• [EXERCISE OBJECTIVE]: Restate word for word the lines below that run from the one holding "Cute Saint Patrick's" through the one holding "FUJITSU 9317192019 CONDENSER TA 12RL DW", inclusive. Pictures don't belong in the copy.

• [DATA]:
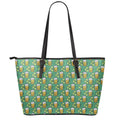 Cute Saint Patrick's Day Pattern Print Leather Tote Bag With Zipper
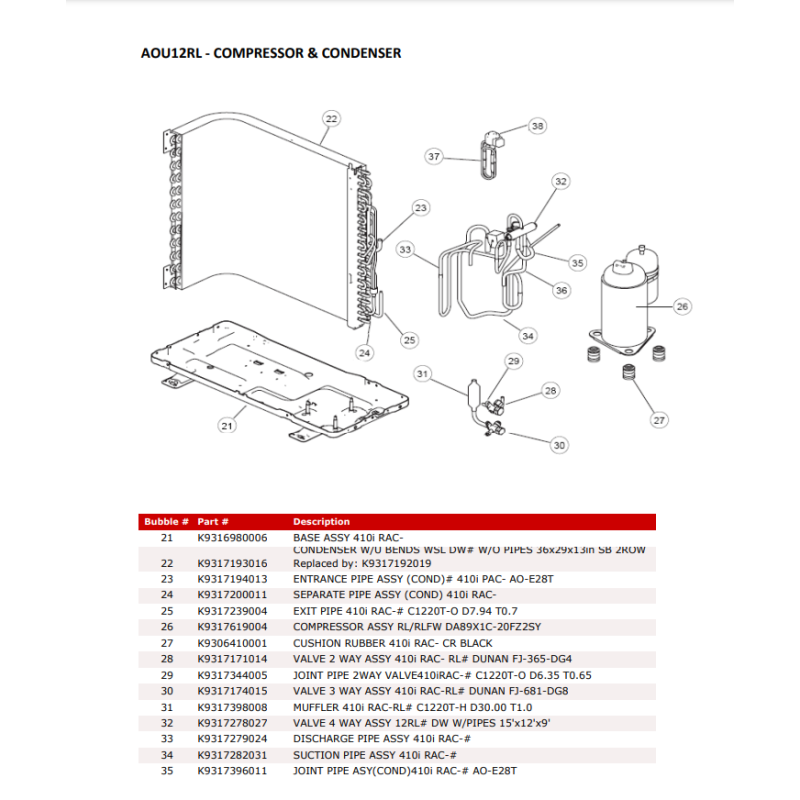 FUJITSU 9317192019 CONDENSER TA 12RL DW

...

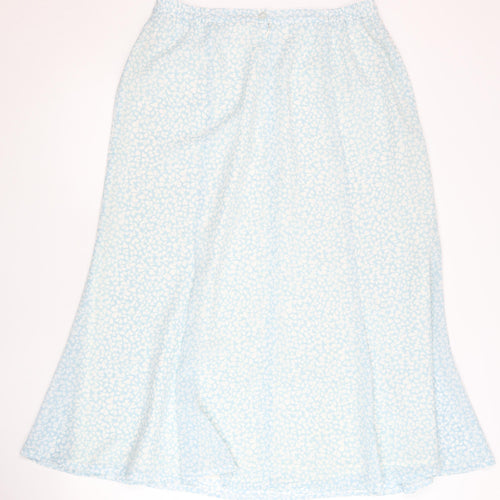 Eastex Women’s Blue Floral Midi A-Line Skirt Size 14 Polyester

• [SOLVED PROBLEM]:
 Cute Saint Patrick's Day Pattern Print Leather Tote Bag With Zipper
 FUJITSU 9317192019 CONDENSER TA 12RL DW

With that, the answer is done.